On the heels of a new report detailing how the President’s Social Security privatization proposal will reduce disability benefits for millions of Americans, Senator Tom Harkin (D-IA) called on the Bush Administration to ensure that American with disabilities will be entitled to the same reliable benefits that current beneficiaries receive. The Center on Budget and Policy Priorities report found that the Bush Administration’s privatization proposal would reduce benefits for average earners and that this reduction would apply equally to retirees, survivors, and people with disabilities.

“Three in ten currently healthy twenty-year olds will become disabled at some point in their lives and, as a result, will require financial assistance to survive. The majority of these workers will not have worked long enough to have accumulated enough money in private accounts to meet even their most basic needs,” Harkin said. “The American people need to see a plan that confirms the President will not cut these needed benefits.”

President Bush has proposed to privatize Social Security which would drive up the debt at $5 trillion and put Social Security at risk. In addition to privatization, the President has proposed changing the Social Security benefit structure through “progressive price indexing” which Social Security Administration’s actuaries have said would reduce benefits for average earners by approximately one-third. This reduction would apply equally to retirees, survivors, and people with disabilities. If disability benefits are not cut, retirement benefits for middle-class workers will be slashed even more deeply than the figures cited above.

The report also points out that Americans with disabilities could face further cuts when they reach retirement age. Currently, those receiving disability benefits are automatically converted to retirement benefits when they reach retirement age. Since retirement benefits would be cut under the proposal, people with disabilities would see their benefits reduced at that time.

“President Bush says that he has no current plans to cut disability benefits. Unfortunately, the president’s Social Security privatization plan points to substantially decreasing this much-needed support,” Harkin said. “Before Congress can begin to consider Social Security reform, it is essential to know with certainty how people with disabilities will be affected.”

Social Security is critical for the 6.2 million Americans that receive disability benefits. For many, it is their sole source of income for necessities such as prescription drugs, groceries, and housing. Equally important, people with disabilities rely on all facets of Social Security, including Retirement Insurance when they age out of SSDI, benefits from their parents who have reached retirement age, and Survivor’s Insurance.
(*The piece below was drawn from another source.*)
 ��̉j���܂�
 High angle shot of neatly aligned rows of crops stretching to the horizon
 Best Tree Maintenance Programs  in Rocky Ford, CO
All the while, Social Security has been able to provide this support at a relatively low cost.

Harkin and eighteen other Senators wrote to President Bush asking him to make clear that the administration will protect disability insurance for the millions of disabled Americans, and that workers who become disabled in the future, and families eligible for survivor benefits, will be entitled to the same reliable benefits that current beneficiaries receive.